BEGIN Supplied material
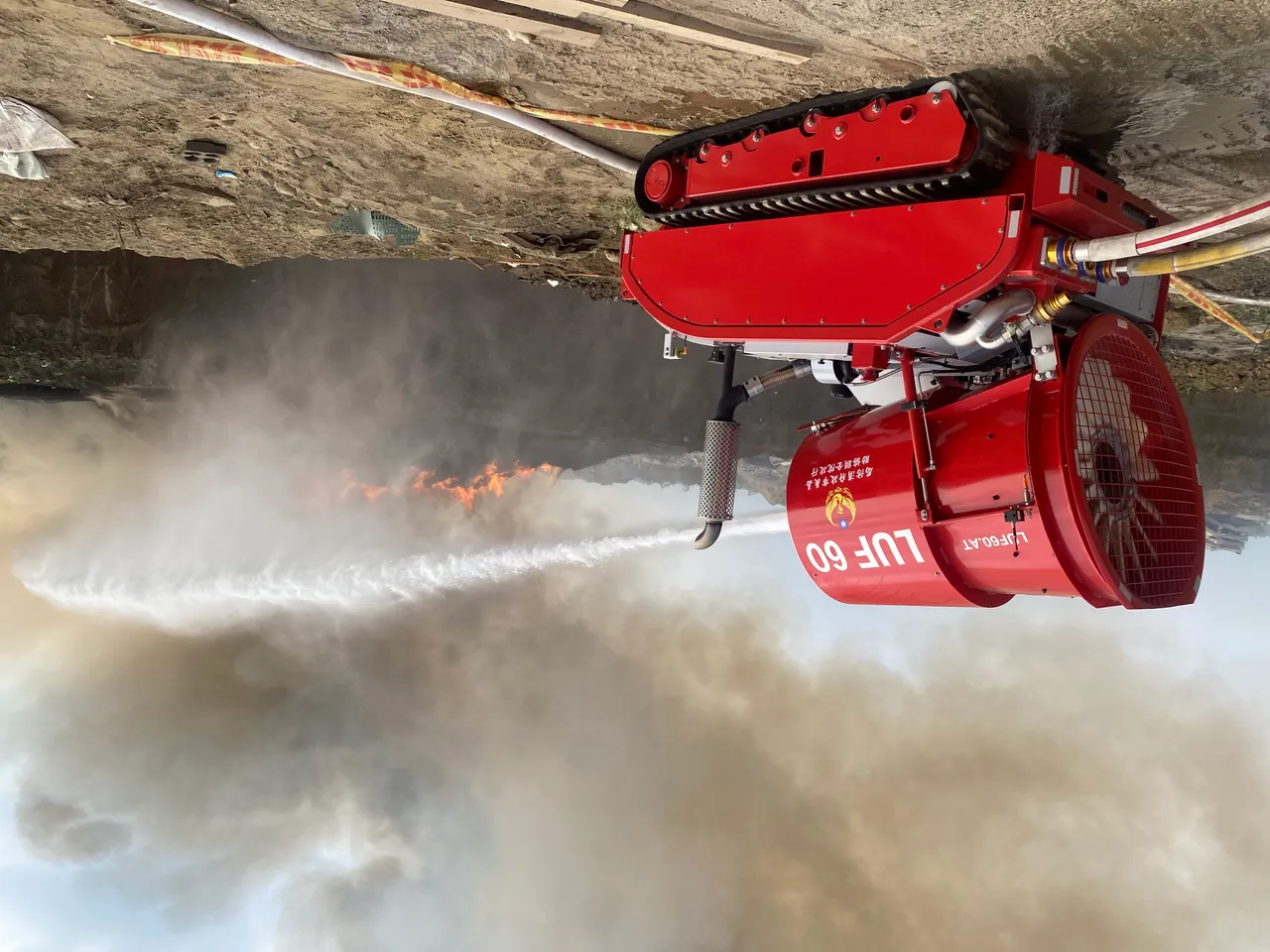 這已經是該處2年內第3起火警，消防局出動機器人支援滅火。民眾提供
END Supplied material
BEGIN Supplied material
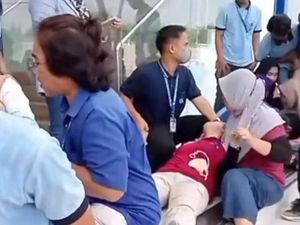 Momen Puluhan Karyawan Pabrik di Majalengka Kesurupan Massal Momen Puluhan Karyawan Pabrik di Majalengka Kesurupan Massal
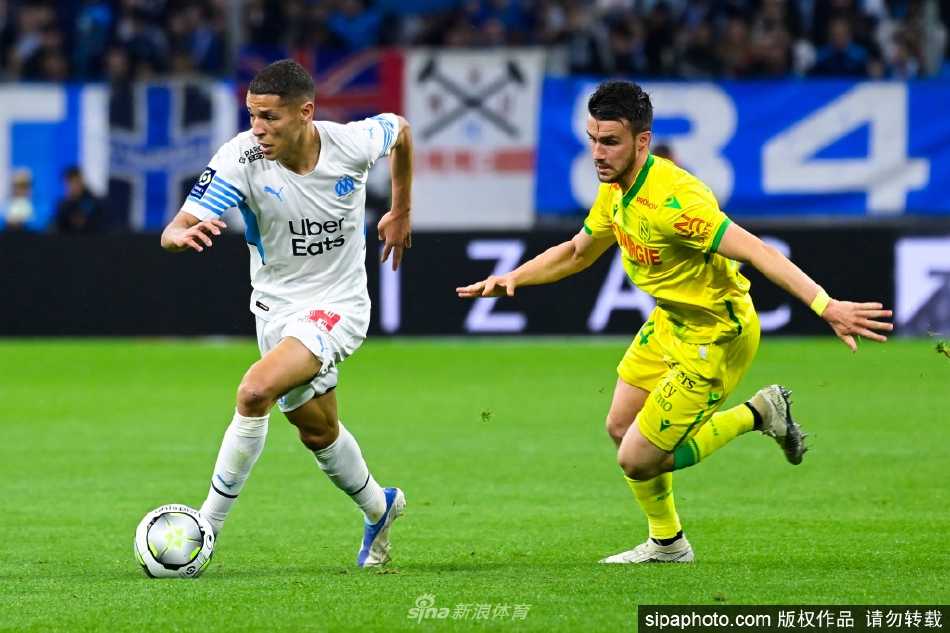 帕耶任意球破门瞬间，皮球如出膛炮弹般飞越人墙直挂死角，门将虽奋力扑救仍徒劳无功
END Supplied material
BEGIN Supplied material
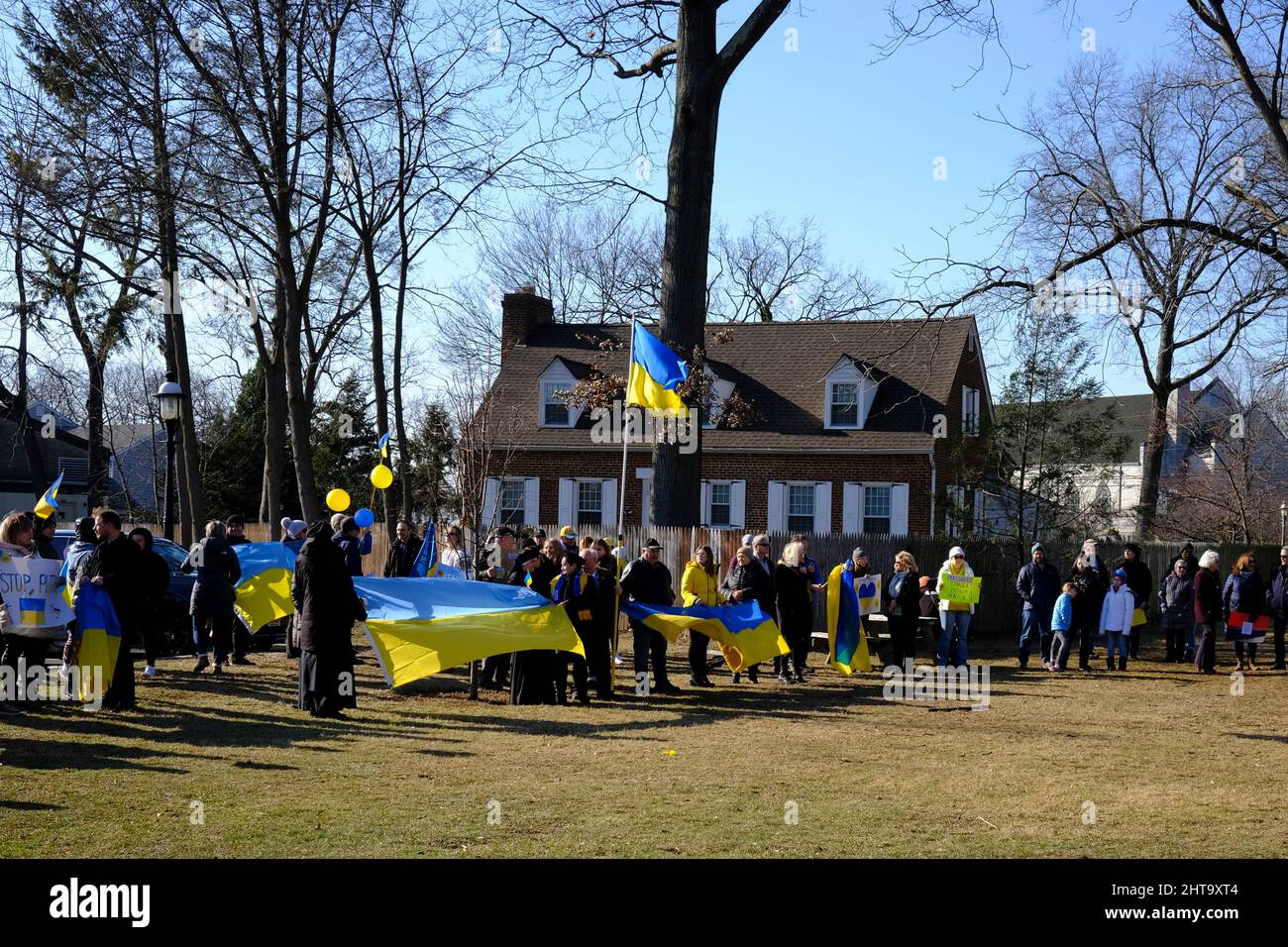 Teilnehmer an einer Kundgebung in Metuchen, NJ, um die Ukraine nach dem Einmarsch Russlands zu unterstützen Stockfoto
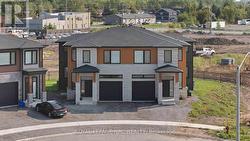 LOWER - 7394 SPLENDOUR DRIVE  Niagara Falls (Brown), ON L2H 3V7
END Supplied material
▶ **Brief**
Your output should be the lines above from the one that contains "Kesurupan Massal Momen" through the one that contains "帕耶任意球破门瞬间，皮球如出膛炮弹般飞越人墙直挂死角，门将虽奋力扑救仍徒劳无功", word for word, with pictures left out.

▶ **Answer to the problem**
 Momen Puluhan Karyawan Pabrik di Majalengka Kesurupan Massal Momen Puluhan Karyawan Pabrik di Majalengka Kesurupan Massal
 帕耶任意球破门瞬间，皮球如出膛炮弹般飞越人墙直挂死角，门将虽奋力扑救仍徒劳无功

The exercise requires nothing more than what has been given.